All this talk about clothes, but what about the music? Yeah, what about it? It was there. Her dance-pop songs are mostly innocuous fun, heavily indebted to Madonna and her many followers. They sounded exactly as they do on her lone album, "The Fame," mostly because the majority of the music was piped in. There was the token four-piece backing band, but it wasn't even visible during show opener "Paparazzi" and wasn't missed.

Gaga (real name Stefani Germanotta) knows her way around a catchy vocal melody, as anyone who has had "Poker Face" stuck in his head for days on end can tell you. And while she's no Whitney, she can at least belt with authority, but more important, attitude. "Beautiful, Dirty, Rich" was a feisty, discofied delight that had the adoring crowd dancing in the aisles.

Gaga may borrow sounds and be all about the glitz but her persona is clearly defined and as over-the-top as possible. "People tell me I'm slutty. Or not a lady. But I'm a free [expletive]!" she said to a chorus of cheers. She cursed a blue streak, flipped her middle finger a half-dozen times and gyrated with her three male backing dancers. Again, the crowd lapped it up.

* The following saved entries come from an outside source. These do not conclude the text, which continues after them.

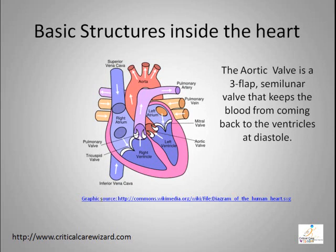From the left atrium, the blood then goes to the left ventricle. The left ventricle empties its blood contents to the aorta through a valve called the aortic valve. The aortic valve is a three-flap semilunar valve that keeps the blood from coming back to the ventricle at diastole.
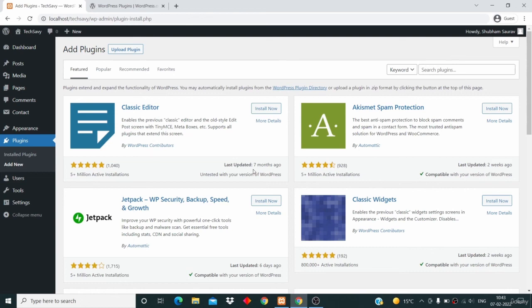Alright, that's it. In the next video, I will teach you how you can upload a plugin from here. All of that coming up in the next video. Bye!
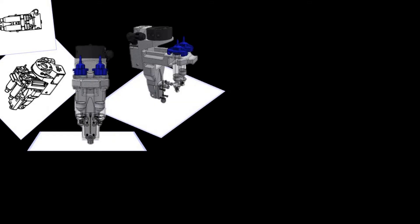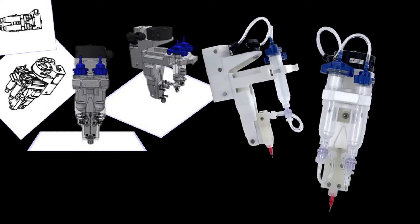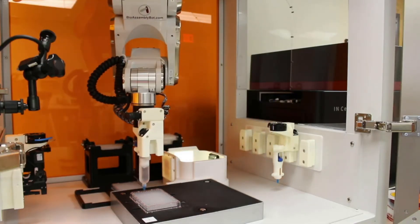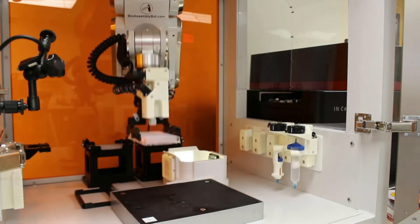With an open hardware and software platform, BAB works well with others, enabling a powerful and scalable plug-and-play agile bioassembly work cell.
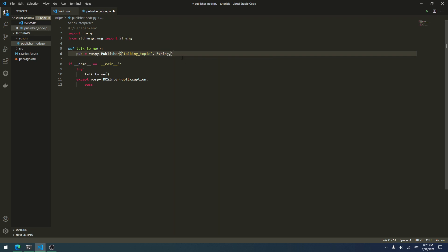The third argument is the queue size — this is how many messages we can have in the queue before we start deleting some. I won't go into depth on that, but set it to 10 for now.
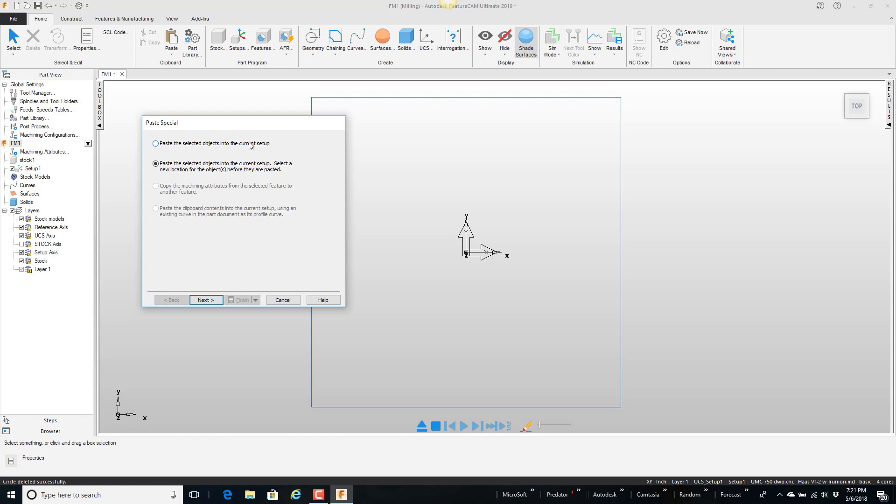Then it comes up with some options here. It says paste these selected objects into the current window. If I select that then it's going to paste them right here. Exact same XY they were stored from. Or I can say paste and define a new location. So I'm going to say next.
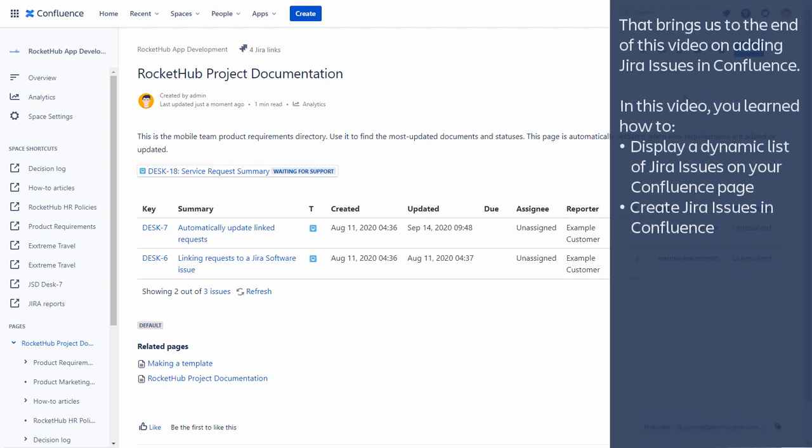That brings us to the end of this video on adding Jira issues in Confluence. In this video, you learned how to display a dynamic list of Jira issues on your Confluence page and create Jira issues in Confluence.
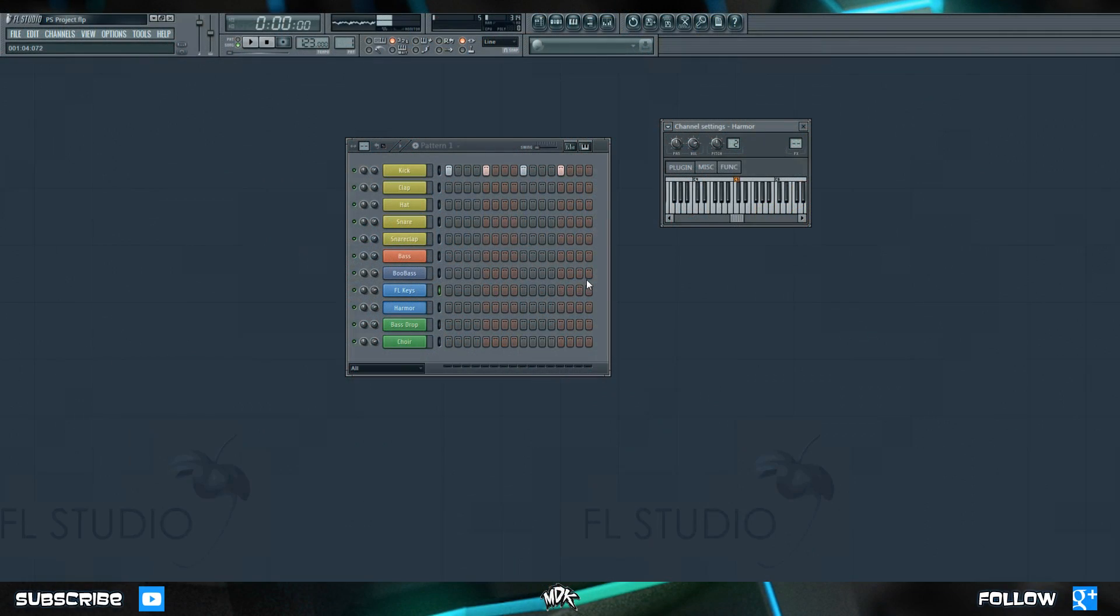What's up guys, Morgan here and welcome to Season 1 Episode 6 of MDK Production School.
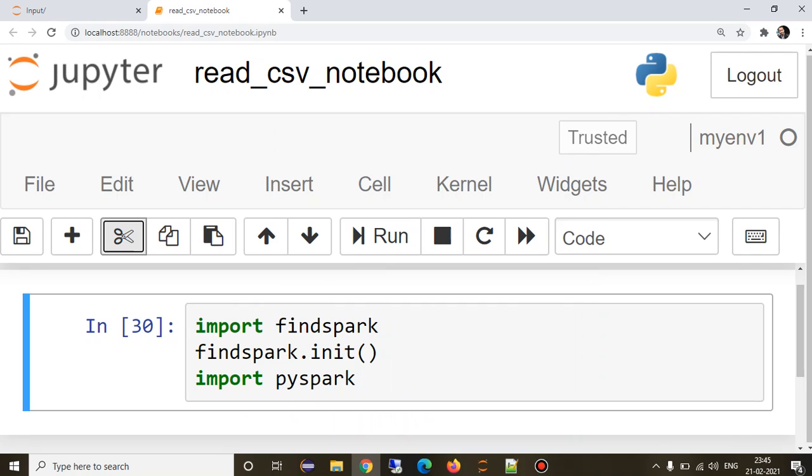Hi guys, we will see how to read CSV in PySpark. I'm using this Jupyter notebook where I have a virtual environment which contains all the required packages.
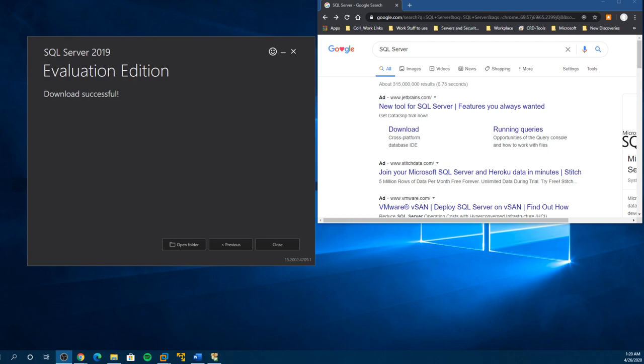Welcome back for another video. This is video number two, lab six of our 2020 lab series.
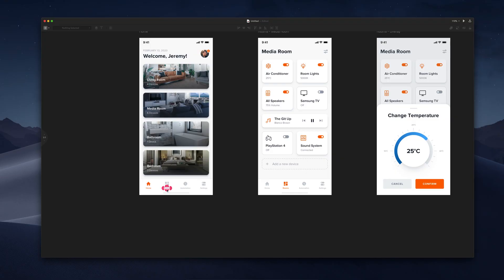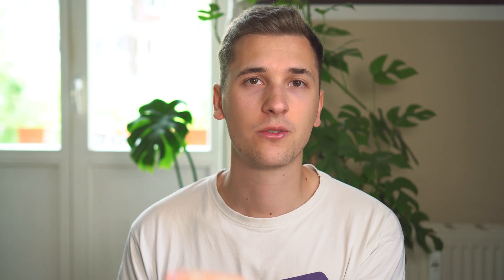User flows come after wireframing, so usually you create your wireframe, then you create a user flow out of these wireframe screens, and then you create your actual design and refine or replace those wireframe screens of the user flow with your actual design screens.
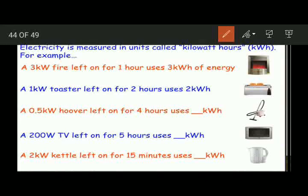Now, how to measure electricity? The electric current in your house comes from power stations and you also get an electricity bill. In the bill, which is measured by the meter of your house, electricity is measured in kilowatt hours or units. So, the commercial unit of electric energy is kilowatt hour.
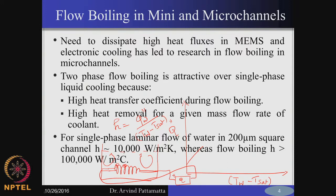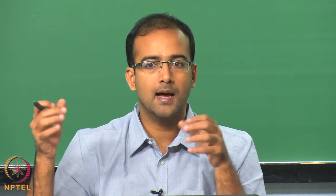If you increase the heat flux beyond this point, the wall temperature exceeds saturation by about 10 degrees. The liquid near the heater surface is reasonably above saturation temperature, and this state will induce boiling. If the liquid is above saturation, it has to evaporate — it is not a stable phase. The stable phase transition is to slowly start evaporating and move to a vapor state.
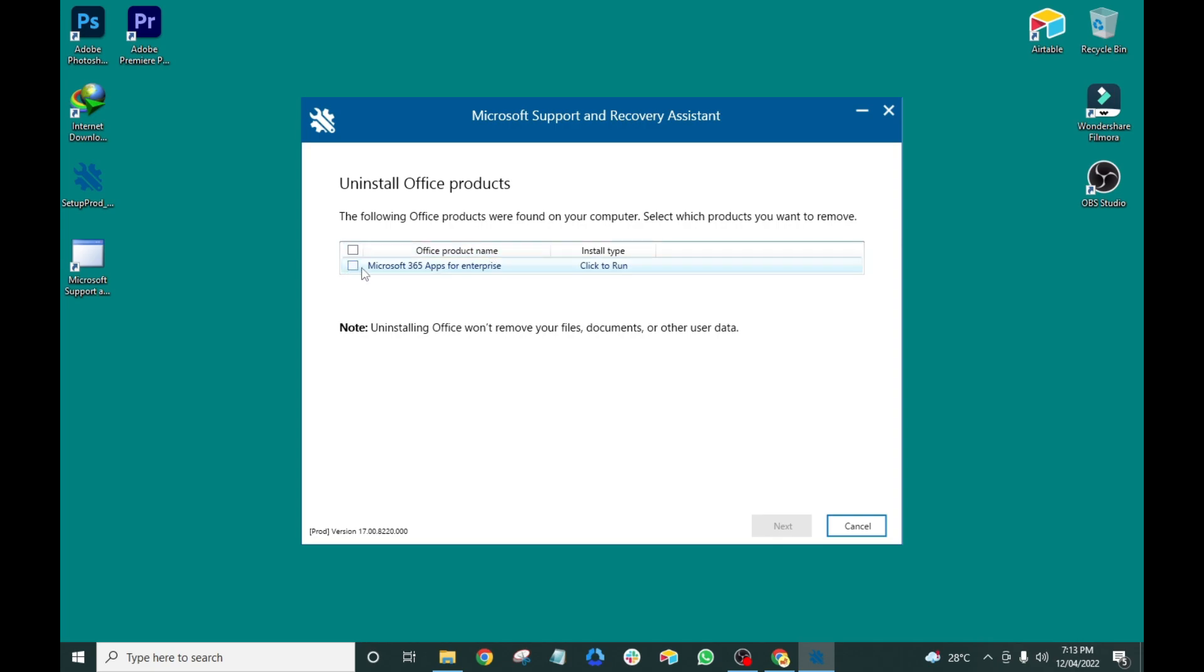Select the Microsoft Office files that you want to completely uninstall or remove from your computer by checking the box and clicking next.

It made a moment toward the end of the show especially bizarre. Before a solo piano, cabaret take on the inescapable "Poker Face" she asked the crowd to pray for her ailing father. After an hour of debauchery, it seemed like a setup. But it was a true plea for support, and a bit disconcerting, briefly ruining the bizarre display of outlandish escapism.

Of course, she quickly followed that very personal moment by standing on the piano bench, bending over to play, her derriere in the air on full display, like a diva pi?ata.